The BBC ran an interesting documentary on house building a few weeks back, which you can watch here. As it was a prime time discussion of why we don’t build enough homes I hardly want to complain – but there was an element of received wisdom to it which did annoy me slightly.
While it did explain the central problem of land in house building (and how land is different to other commodities) and why the volume builders’ model will struggle to ever meet housing need – it fell into the common trap of idolising one bit of the past: the 1930s.
The programme told us that in that decade small private builders were free from all planning restrictions to build high quality, spacious family homes for everyone. It was a time when the middle classes were unshackled from rented housing to own their homes. It was freedom personified and everyone loved it.
Of course, many commentators idolise the house building programmes of late 1940s or 1950s, depending on their political allegiance. But the 30s seems to be the connoisseur’s golden age, a period which can safely be eulogised without fear of contradiction. No doubt this is partly because the 30’s were longer ago, and on the other side of the great psychic rupture of the second world war: few people now have any direct knowledge of the time, and even ‘historical series’ data sets tend to start after 1945. I suspect the decade of the National Government also appeals because – despite the intense political controversies of the time – it is not claimed by either left or right as part of their political identity.

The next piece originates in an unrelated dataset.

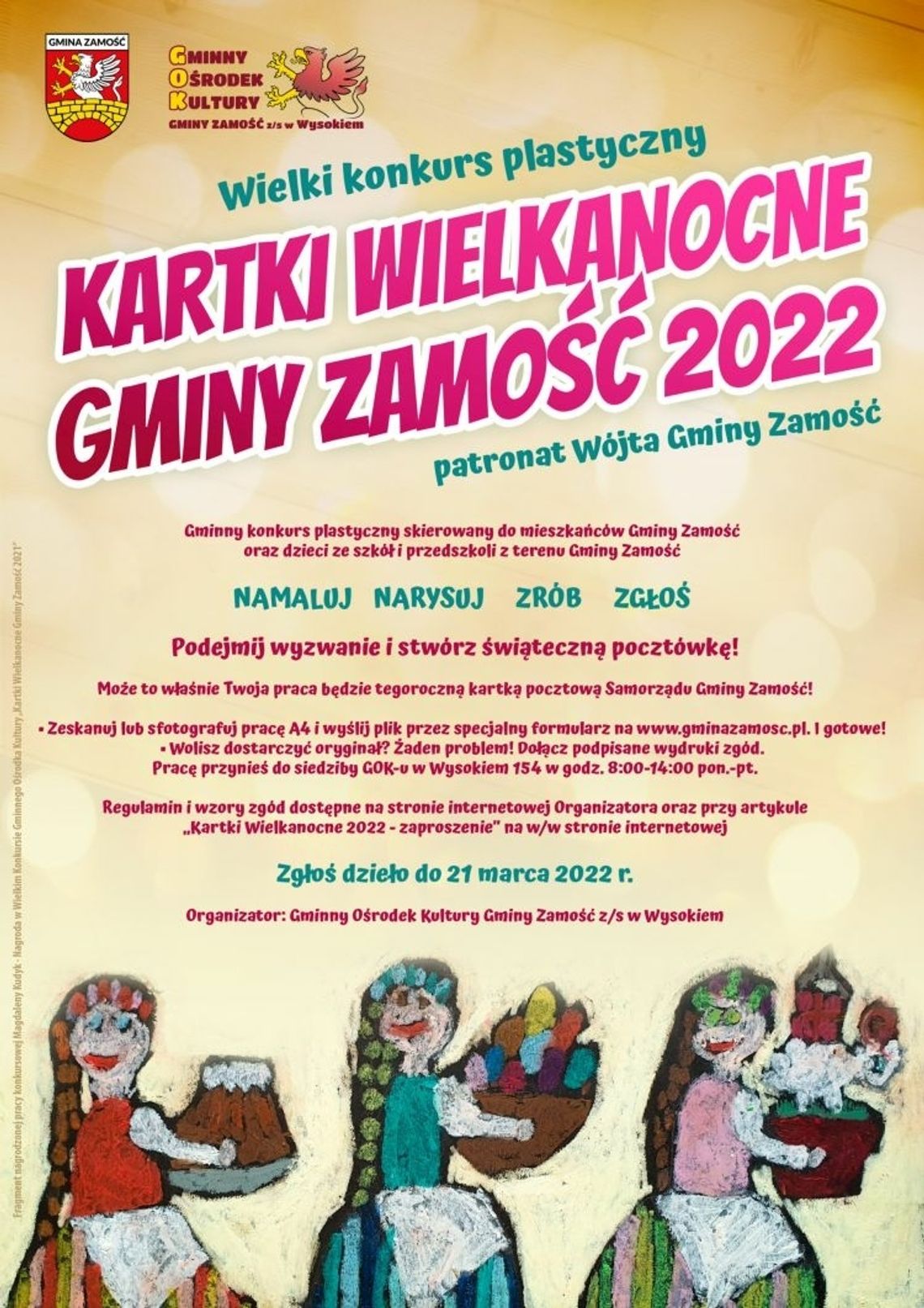 Wielki Konkurs Plastyczny pn. „Kartki Wielkanocne Gminy Zamość 2022”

There is much to look back on with envy. The 1930s was the undisputed high water mark of housebuilding, with private firms alone building over 250,000 homes per year in England. By 1939, one in three households lived in a home less than 21 years old.

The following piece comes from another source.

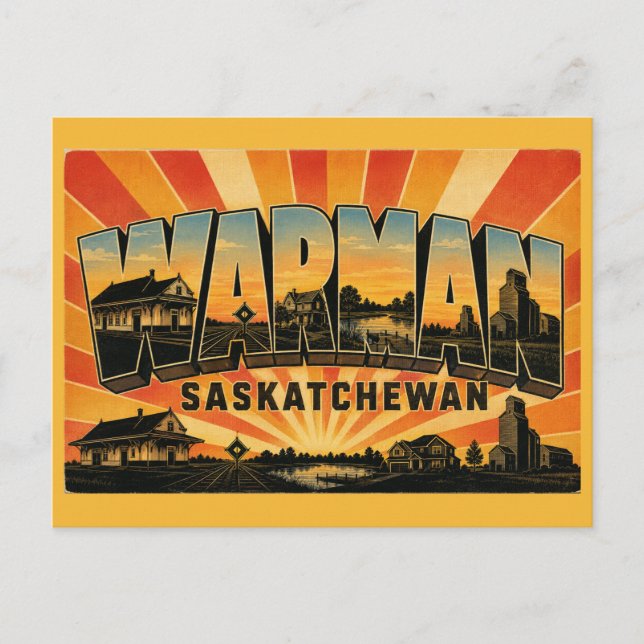 Warman Saskatchewan schnellstwachsende Stadt Postkarte (Vorderseite)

(Tom Chance’s graph, combining two not-entirely comparable sources: like I said, the data sets break with the war)
So why do I reach for my revolver when I hear the 1930s eulogised? The problem is two-fold. Firstly, there are often some lazy assumptions about what was really going on then. It’s true that the private sector built far more than it does today, and that the national planning system had not been created. But that doesn’t make the 1930s a free market paradise. There was planning – it was just rather patchy and inconsistent. And the public sector played a huge role, building more than 50,000 homes a year. In fact, it was public investment in new council housing following Lloyd George’s ‘homes fit for heroes’ campaign after WW1 and Addison’s Housing Act 1919 that kick started the interwar construction boom, and then sustained it.
And as Brian Greene points out, market conditions were radically different then: there was a huge amount of capital saved up in building societies while international capital movements were heavily restricted. Millions of people who had grown up in private rented homes, often a family to a room, were keen to use that cash to buy a home for the first time – and there was little or no chance international investment money would beat them to it. As a result, single-earner families could buy a family home with a mortgage of three times an ordinary worker’s salary. This is not a situation you can readily compare to today, to put it mildly.

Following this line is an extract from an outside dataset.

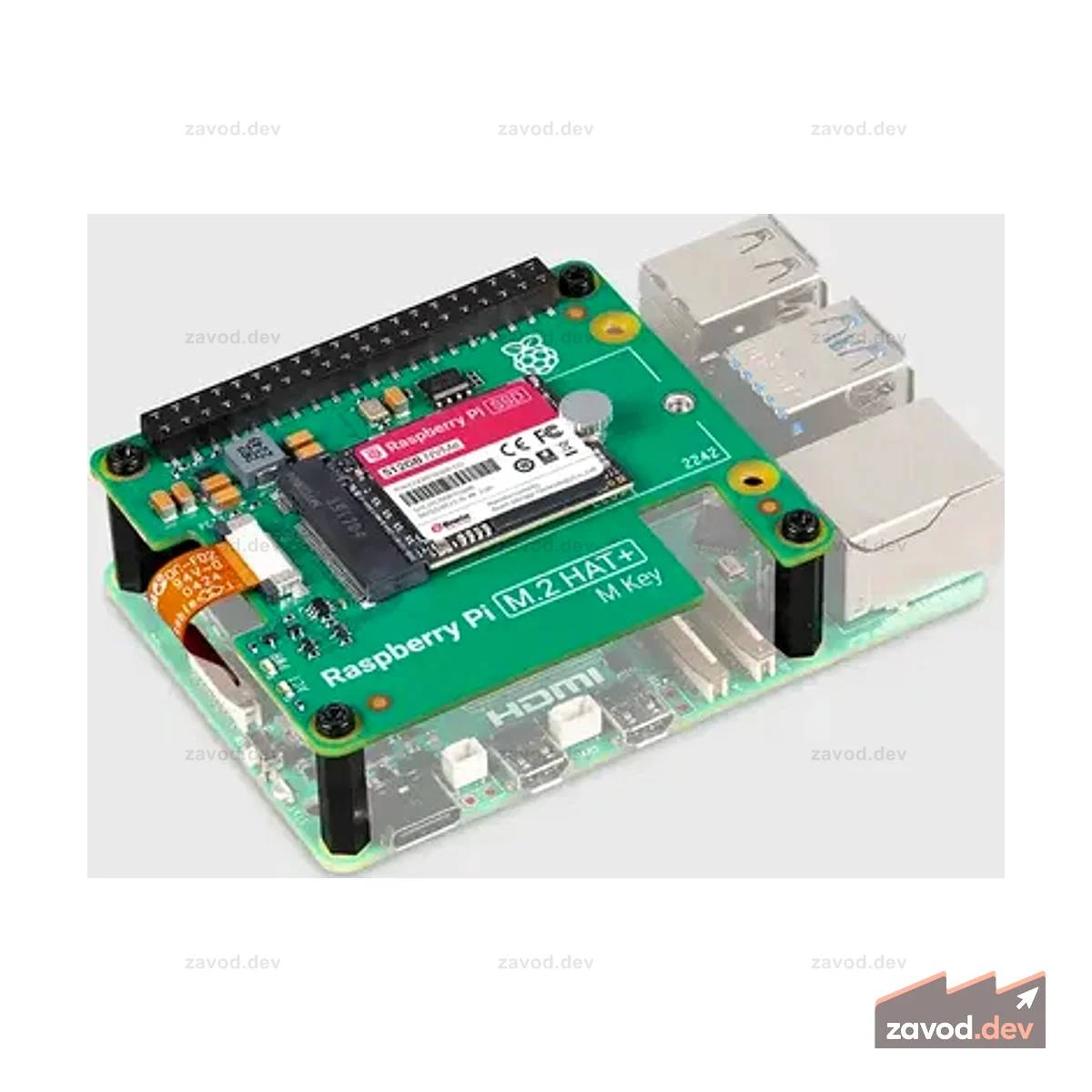Комплект твердотельного накопителя Raspberry Pi — 512 ГБ с Raspberry Pi M.2 HAT+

Secondly, yearning for the 1930s ignores how utterly unrepeatable they were. London, Birmingham and many other cities more than doubled their footprint in that decade. Much of the growth was in low density suburbs enabled by the rise of the automobile, and which now present a serious challenge to economic and environmental sustainability. It was precisely in reaction to this sprawling of our cities that the 1947 planning system was created. That bête noir of frustrated liberalisers today – the Green Belt – was designed to prevent our cities doubling or tripling every decade, for the good of the cities themselves as much as to preserve the countryside.
The lesson I want us to learn from the 1930s is that we can build far more homes than we do now, by supporting a mixed economy of public and private investment. But we can’t do so by simply spreading our cities out in every direction and expecting everyone to drive great distances to get anywhere. We learned the importance of intelligent planning from the 1930s. Let’s not forget it now.